Creer que sabemos todo lo que debemos saber para tomar posición ante un determinado evento de nuestras vidas, y juzgar como cierta, única y válida la postura asumida, es un acto de soberbia que en lugar de unirnos, termina distanciándonos de nuestros semejantes. Dicha arrogancia resulta tan inefectiva como las estrategias de distanciamiento físico y emocional con las que procuramos sanar nuestras heridas más profundas, dejando transcurrir el tiempo sin ocuparnos de lo que representan en nuestras vidas tales eventos dolorosos.
Renovar nuestros enfoques, en la búsqueda de ese nuevo punto de vista que intuitivamente sabemos está en el futuro, debe expresar nuestra voluntad de traerlo al presente consciente y voluntariamente. Perdonar no puede consistir en olvidar, simplemente porque la memoria humana no funciona de esa manera. Cada evento deja su huella indeleble y cada herida, una cicatriz que puede dejar de doler, pero no se puede borrar. No existe mejor cirugía para las heridas del alma que el perdón.
Perdonar pasa por asumir nuestra responsabilidad en la construcción de los hechos que causaron esa pena capaz de agobiarnos a años vista del suceso que la provocó. Pero no se trata de una responsabilidad superficial remitida solo a nuestra participación como co-protagonistas en tales acontecimientos. Debemos profundizar en nuestro rol como guionistas y directores de nuestra propia película, hasta conocer por qué y para qué incluimos dichas escenas en el rodaje.
Espero que la siguiente sentencia resulte lo suficientemente gráfica para facilitar la comprensión de lo dicho: demandamos inconscientemente todas nuestras experiencias y entregamos a otros todo lo que inconscientemente nos piden. De acuerdo con mi propia experiencia, esta es la razón por la cual atraemos y manifestamos en nuestra vida solo lo que corresponde con aquello que necesitamos experimentar para la expansión de nuestra conciencia.

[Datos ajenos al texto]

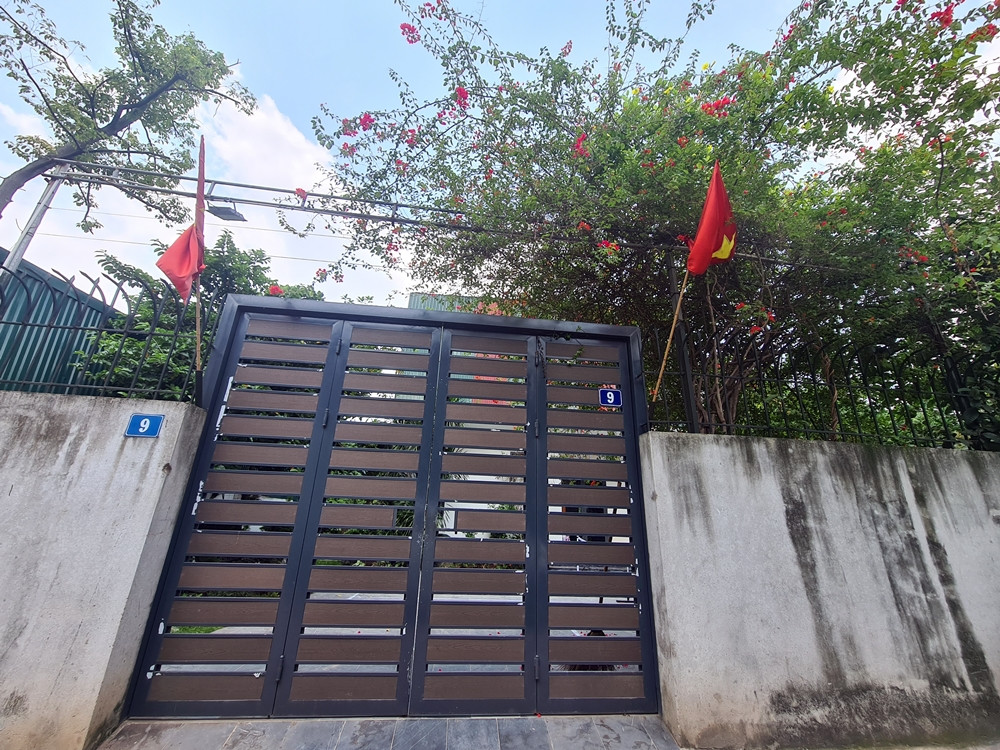 Công trình đánh số 9 ngõ 232 phố Trần Điền có cửa cổng làm hoành tráng. Bên trong ngôi nhà xây dựng tầng 1 khang trang, nhưng nửa phần ngôi nhà lại quây kín tôn xanh.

Aún es mucho lo que se puede decir sobre el perdón y la importancia de perdonar. Provocar reflexiones en torno a tan esencial práctica es abonar el terreno siempre fértil de la conciencia. Perdonar es, simplemente, un acto de defensa propia; un espacio para aprender a mirar de manera diferente aquello que nos sustrae de la paz, ya que nos permite adquirir una visión renovada que ayuda a restaurar la serenidad perdida en el fragor de las batallas que debemos librar a favor de la plenitud.